Nathan Schneider defends the memory theater An essay published in Open Letters Monthly.
What concerns me about the literary apocalypse that everybody now expects—the at least partial elimination of paper books in favor of digital alternatives—is not chiefly the books themselves, but the bookshelf. My fear is for the eclectic, personal collections that we bookish people assemble over the course of our lives, as well as for their grander, public step-siblings. I fear for our memory theaters.
Any essay of lamentation about the end of books and the glory of human memory has to include some touchstones. Frances Yates is that touchstone here:
One of the books that I used to habitually pick up from my college library, and which, recently, I finally bought used, is Frances Yates’s classic The Art of Memory. First published in 1966, it chronicles lost mnemonic techniques, passed down from the ancient orators to the Renaissance humanists: spaces people would conjure in their minds to help them remember all the precious accoutrements of civilized knowledge.
One of the pleasures of writing incessantly online is the likelihood that you’ve run across something before, even if you don’t have it in the top of memory. Prentiss Riddle wrote about The Art of Memory in 2003, apparently because I mentioned it on a mailing list, saying this:
Frances Yates, The Art of Memory – just getting started on this one, which is an account of the history of mnemotechnics: the art and practice of expanding and augmenting the human memory. The classical account of this goes back to Simonides of Ceos, who had memorized all of the names and seating arrangements of the attendees at a banquet while giving a speech to them and was thus able to identify the dead when the banquet hall collapsed. Ancient orators used these memory systems to memorize long, long speeches.
Now, armed with a new word “mnemotechnic”, I can go through and pluck out this precious specimen from Google Books; the Phreno-mnemotechnic dictionary, a work from 1844 by Francis Fauvel-Gourand with a preface that illustrates the noted figures in the history of those who have an exceptional memory.
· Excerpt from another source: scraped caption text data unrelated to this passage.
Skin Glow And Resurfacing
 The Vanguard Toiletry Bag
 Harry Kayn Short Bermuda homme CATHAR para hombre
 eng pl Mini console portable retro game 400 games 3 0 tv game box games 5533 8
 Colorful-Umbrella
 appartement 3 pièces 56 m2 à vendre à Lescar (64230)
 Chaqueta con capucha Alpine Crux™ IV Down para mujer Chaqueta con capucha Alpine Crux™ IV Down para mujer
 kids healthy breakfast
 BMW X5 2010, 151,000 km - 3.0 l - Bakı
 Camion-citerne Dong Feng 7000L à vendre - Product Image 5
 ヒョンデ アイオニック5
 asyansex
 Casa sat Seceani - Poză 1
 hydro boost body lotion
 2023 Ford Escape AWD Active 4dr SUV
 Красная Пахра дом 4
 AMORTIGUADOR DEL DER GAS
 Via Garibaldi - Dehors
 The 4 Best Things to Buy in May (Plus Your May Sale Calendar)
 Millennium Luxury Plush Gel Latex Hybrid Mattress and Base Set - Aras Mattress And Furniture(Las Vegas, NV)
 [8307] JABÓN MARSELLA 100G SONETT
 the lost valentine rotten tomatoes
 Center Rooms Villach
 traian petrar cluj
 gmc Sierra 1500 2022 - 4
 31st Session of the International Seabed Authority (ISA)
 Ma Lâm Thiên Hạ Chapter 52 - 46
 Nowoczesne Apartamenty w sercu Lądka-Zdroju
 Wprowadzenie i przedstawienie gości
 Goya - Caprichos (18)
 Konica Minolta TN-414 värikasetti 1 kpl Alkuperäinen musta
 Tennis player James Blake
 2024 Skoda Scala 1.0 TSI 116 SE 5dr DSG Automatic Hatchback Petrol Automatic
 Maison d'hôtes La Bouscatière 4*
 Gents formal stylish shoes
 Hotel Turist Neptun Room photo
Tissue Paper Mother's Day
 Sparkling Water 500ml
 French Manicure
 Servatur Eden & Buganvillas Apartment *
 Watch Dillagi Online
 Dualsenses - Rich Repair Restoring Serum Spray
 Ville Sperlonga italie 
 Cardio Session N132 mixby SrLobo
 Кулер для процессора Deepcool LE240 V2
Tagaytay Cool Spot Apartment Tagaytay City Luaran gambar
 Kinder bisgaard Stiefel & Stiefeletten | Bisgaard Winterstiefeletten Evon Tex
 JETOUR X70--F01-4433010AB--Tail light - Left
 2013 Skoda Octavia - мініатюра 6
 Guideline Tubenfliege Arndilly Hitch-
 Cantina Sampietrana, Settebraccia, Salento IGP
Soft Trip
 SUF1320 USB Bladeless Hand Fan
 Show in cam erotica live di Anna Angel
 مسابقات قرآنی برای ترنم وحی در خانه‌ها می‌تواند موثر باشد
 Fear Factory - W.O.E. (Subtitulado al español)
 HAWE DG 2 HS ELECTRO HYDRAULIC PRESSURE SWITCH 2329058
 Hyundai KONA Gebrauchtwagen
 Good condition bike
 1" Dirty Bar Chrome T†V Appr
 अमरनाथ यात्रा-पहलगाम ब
The bulk of the work is a dictionary compiled along the principles of “soundex”, where words with similar consonant structure are indexed together and given a number. Thus you will find on page 62 the entry for 382 (“homophony”, “muffin”); to make this make sense, you need to get a mapping between the “m” sound and the number 3, “f” or “ph” and 8, “n” and 2, and then encode.
Could there be any practical use for this? Certainly; this is a learned synesthesia, where numbers turn into words. If you ever have had to memorize a license plate number (I am looking at one where the partial plate is “6981”) you know it’s hard. But knowing that 69 maps to “sheep” and 81 maps to “fat” means that this vehicle can be memorialized as “sheepfat”, which is wonderful in its own way.
Now where was I? Distracted, I guess. Like Nathan Schneider, my memories are indexed in part through the books I have been reading. The bookshelf that he evokes, carefully collected, is the memory construct that says that when you pull in one book you want to be able to leaf through the one next to it on the bookshelf, or the whole shelf full of them assembled for a purpose. You judge the quality of a story told through books by the quality and comprehensiveness of the books invoked to tell it, and you look for the bibliography eagerly for texts you have missed.
My bookshelves are too small to hold all the books that might sit on them, but sometimes there have been ways to make up for that. The photo of the bookshelf provides some substitute to prove not only that you have had the books but also that you know that some go together with others.